I am getting the same loss and accuracy for all epochs.

I a beginner in Deep Learning, especially CNN. I have a dataset of the handwritten words - “TRUE”, “FALSE” and “NONE”.I want my model to recognize the words and put them in the correct class. I created a simple CNN model copying the TinyVGG architecture. However, the loss and accuracy values are the same for all epochs. I tried changing the batch size, epochs and learning rate and it’s not working. Since I am new to this concept and this is being my first project I do not know what changes to be made to the model.

class CUSTOMDATASETV2(nn.Module):
  
    def __init__(self, input_shape: int, hidden_units: int, output_shape: int):
        super().__init__()
        self.block_1 = nn.Sequential(
            nn.Conv2d(in_channels=input_shape, 
                      out_channels=hidden_units, 
                      kernel_size=3, # how big is the square that's going over the image?
                      stride=1, # default
                      padding=1),# options = "valid" (no padding) or "same" (output has same shape as input) or int for specific number 
            nn.ReLU(),
            nn.Conv2d(in_channels=hidden_units, 
                      out_channels=hidden_units,
                      kernel_size=3,
                      stride=1,
                      padding=1),
            nn.ReLU(),
            nn.MaxPool2d(kernel_size=2,
                         stride=2) # default stride value is same as kernel_size
        )
        self.block_2 = nn.Sequential(
            nn.Conv2d(hidden_units, hidden_units, 3, padding=1),
            nn.ReLU(),
            nn.Conv2d(hidden_units, hidden_units, 3, padding=1),
            nn.ReLU(),
            nn.MaxPool2d(2)
        )
        self.classifier = nn.Sequential(
            nn.Flatten(),
            # Where did this in_features shape come from? 
            # It's because each layer of our network compresses and changes the shape of our inputs data.
            nn.Linear(in_features=hidden_units*16*16, 
                      out_features=output_shape)
        )
    
    def forward(self, x: torch.Tensor):
        x = self.block_1(x)
        # print(x.shape)
        x = self.block_2(x)
        # print(x.shape)
        x = self.classifier(x)
        # print(x.shape)
        return x

torch.manual_seed(42)
model_2 = CUSTOMDATASETV2(input_shape=3, 
    hidden_units=10, 
    output_shape=len(class_names)).to(device)
model_2


x-x-x-x-x-x-x-x-x-x-x-x-x-x-x-x-x-x-x-x-x-x-x-x-x-x-x-x-x-x-x-x-x-x-x-x-x-x

from tqdm.auto import tqdm
torch.manual_seed(42)

# Measure time
from timeit import default_timer as timer
train_time_start_model_2 = timer()

# Train and test model 
epochs = 10
for epoch in tqdm(range(epochs)):
    print(f"Epoch: {epoch}\n---------")
    train_step(data_loader=train_dataloader, 
        model=model_2, 
        loss_fn=loss_fn,
        optimizer=optimizer,
        accuracy_fn=accuracy_fn,
        device=device
    )
    test_step(data_loader=test_dataloader,
        model=model_2,
        loss_fn=loss_fn,
        accuracy_fn=accuracy_fn,
        device=device
    )

train_time_end_model_2 = timer()
total_train_time_model_2 = print_train_time(start=train_time_start_model_2,
                                           end=train_time_end_model_2,
                                           device=device)

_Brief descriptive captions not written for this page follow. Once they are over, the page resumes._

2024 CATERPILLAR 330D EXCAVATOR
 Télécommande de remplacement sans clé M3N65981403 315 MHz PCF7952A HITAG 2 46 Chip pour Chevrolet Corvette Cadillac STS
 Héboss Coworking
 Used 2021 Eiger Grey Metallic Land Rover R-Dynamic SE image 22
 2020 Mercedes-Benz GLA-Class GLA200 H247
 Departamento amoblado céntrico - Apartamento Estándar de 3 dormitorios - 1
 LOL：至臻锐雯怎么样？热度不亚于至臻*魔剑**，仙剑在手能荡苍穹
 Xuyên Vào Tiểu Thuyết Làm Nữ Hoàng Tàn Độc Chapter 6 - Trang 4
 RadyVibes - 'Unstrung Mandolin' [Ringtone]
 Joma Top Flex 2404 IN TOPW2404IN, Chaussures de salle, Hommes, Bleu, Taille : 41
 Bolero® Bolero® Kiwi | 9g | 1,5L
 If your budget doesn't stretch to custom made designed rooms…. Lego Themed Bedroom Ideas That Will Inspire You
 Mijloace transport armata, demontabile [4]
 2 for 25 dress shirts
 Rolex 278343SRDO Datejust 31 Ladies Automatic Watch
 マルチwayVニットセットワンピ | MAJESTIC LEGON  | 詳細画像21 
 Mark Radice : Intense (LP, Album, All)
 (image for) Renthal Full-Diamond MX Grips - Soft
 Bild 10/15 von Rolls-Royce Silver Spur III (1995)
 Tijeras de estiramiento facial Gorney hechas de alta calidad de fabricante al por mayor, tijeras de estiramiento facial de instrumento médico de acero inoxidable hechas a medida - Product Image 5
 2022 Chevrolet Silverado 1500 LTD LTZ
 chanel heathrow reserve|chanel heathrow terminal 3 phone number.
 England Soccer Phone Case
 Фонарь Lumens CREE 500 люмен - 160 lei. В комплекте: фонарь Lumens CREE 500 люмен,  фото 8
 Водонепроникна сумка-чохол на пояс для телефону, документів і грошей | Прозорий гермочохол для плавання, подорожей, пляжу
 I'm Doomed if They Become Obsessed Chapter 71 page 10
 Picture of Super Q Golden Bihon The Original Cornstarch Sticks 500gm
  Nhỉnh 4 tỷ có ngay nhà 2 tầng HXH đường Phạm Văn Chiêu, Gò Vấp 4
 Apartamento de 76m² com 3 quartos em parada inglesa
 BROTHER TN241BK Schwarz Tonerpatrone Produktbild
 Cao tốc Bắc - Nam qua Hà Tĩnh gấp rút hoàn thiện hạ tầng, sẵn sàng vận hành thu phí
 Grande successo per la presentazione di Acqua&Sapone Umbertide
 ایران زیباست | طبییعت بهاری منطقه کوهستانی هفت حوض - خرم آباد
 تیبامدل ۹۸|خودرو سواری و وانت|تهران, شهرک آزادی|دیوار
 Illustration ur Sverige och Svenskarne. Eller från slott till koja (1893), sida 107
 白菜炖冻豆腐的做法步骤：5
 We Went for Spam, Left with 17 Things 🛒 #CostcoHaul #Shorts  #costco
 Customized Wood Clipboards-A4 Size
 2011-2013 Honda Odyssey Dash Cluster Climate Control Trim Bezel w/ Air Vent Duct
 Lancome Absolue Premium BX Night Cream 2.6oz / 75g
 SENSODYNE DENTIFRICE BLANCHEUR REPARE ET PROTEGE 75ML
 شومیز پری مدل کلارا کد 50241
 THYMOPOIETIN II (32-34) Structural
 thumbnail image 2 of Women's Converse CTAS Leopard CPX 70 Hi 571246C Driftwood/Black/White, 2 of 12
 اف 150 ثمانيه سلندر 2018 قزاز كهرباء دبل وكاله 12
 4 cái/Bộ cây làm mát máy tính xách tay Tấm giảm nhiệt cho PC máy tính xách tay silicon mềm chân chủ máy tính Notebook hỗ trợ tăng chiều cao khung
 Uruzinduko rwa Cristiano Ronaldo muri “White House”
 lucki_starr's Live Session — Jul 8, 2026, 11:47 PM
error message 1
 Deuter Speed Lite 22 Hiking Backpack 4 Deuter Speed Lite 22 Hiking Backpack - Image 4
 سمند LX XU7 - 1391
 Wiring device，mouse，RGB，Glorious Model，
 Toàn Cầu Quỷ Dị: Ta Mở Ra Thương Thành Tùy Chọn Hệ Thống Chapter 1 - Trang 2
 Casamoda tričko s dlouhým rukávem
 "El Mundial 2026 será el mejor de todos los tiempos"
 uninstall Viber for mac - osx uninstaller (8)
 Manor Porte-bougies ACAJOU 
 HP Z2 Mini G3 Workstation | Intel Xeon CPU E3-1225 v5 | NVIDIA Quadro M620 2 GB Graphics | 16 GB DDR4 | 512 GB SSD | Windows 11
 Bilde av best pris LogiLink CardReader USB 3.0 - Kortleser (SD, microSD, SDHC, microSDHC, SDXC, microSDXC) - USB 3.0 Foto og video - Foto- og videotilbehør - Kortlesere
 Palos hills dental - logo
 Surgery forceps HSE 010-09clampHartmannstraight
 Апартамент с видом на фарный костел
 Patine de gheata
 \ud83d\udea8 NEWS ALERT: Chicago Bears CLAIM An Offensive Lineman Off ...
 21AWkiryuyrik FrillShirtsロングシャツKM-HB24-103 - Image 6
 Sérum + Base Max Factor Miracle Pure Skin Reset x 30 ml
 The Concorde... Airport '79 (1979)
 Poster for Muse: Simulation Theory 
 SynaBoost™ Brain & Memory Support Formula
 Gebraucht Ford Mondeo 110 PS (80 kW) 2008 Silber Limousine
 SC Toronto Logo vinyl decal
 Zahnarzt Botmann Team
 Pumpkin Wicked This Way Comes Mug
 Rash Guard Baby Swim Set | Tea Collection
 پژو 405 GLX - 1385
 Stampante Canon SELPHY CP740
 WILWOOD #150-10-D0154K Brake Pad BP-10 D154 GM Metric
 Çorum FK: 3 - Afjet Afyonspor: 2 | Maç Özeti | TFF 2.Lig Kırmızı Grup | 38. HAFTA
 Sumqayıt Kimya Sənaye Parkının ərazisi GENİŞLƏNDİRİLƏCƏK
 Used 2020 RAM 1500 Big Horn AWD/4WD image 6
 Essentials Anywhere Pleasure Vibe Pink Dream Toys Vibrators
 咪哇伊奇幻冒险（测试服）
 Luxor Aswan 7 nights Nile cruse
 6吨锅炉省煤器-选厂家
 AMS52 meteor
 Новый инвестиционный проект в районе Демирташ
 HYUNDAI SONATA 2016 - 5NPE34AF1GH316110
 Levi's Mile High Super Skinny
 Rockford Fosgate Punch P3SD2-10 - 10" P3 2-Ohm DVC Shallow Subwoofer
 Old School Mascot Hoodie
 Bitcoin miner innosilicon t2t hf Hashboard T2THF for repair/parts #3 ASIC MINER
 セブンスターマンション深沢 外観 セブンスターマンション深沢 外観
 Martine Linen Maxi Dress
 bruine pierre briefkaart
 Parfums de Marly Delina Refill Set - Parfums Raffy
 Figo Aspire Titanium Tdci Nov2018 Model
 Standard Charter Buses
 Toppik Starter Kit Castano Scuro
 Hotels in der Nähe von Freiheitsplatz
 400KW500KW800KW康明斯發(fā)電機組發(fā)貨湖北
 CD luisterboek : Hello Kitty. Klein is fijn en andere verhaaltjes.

These are the potential issues you could have

  1. Your learning rate is too low and so model is not learning any more . Since you said you have tried this already , leave this. however , do try initializing it and then running a scheduler to update its value over epochs.

  2. Dataset : Check your data pre processing , this error might occur if you failed to normalize your data.

  3. Model Complexity : Your model is not complex enough to handle the given dataset.
    In that case , try adding batch normalization layers after every conv block.

class CustomDatasetV2(nn.Module):

def __init__(self, input_shape: int, hidden_units: int, output_shape: int):
    super().__init__()
    self.block_1 = nn.Sequential(
        nn.Conv2d(in_channels=input_shape, 
                  out_channels=hidden_units, 
                  kernel_size=3,
                  stride=1,
                  padding=1),
        nn.BatchNorm2d(hidden_units),
        nn.ReLU(),
        nn.Conv2d(in_channels=hidden_units, 
                  out_channels=hidden_units,
                  kernel_size=3,
                  stride=1,
                  padding=1),
        nn.BatchNorm2d(hidden_units),
        nn.ReLU(),
        nn.MaxPool2d(kernel_size=2,
                     stride=2)
    )
    self.block_2 = nn.Sequential(
        nn.Conv2d(hidden_units, hidden_units, 3, padding=1),
        nn.BatchNorm2d(hidden_units),
        nn.ReLU(),
        nn.Conv2d(hidden_units, hidden_units, 3, padding=1),
        nn.BatchNorm2d(hidden_units),
        nn.ReLU(),
        nn.MaxPool2d(2)
    )
    self.classifier = nn.Sequential(
        nn.Flatten(),
        nn.Dropout(0.5),
        nn.Linear(in_features=hidden_units*16*16, 
                  out_features=output_shape)
    )

def forward(self, x: torch.Tensor):
    x = self.block_1(x)
    x = self.block_2(x)
    x = self.classifier(x)
    return x
  1. Its also possible that your data is too simple for this model .In that case try simplifying this model (although it does not look like that with your model)

I tried 1 and 3 of your suggestions and it made some good results, so thank you for that.


The current best test accuracy is 78.12 %. How do I improve ?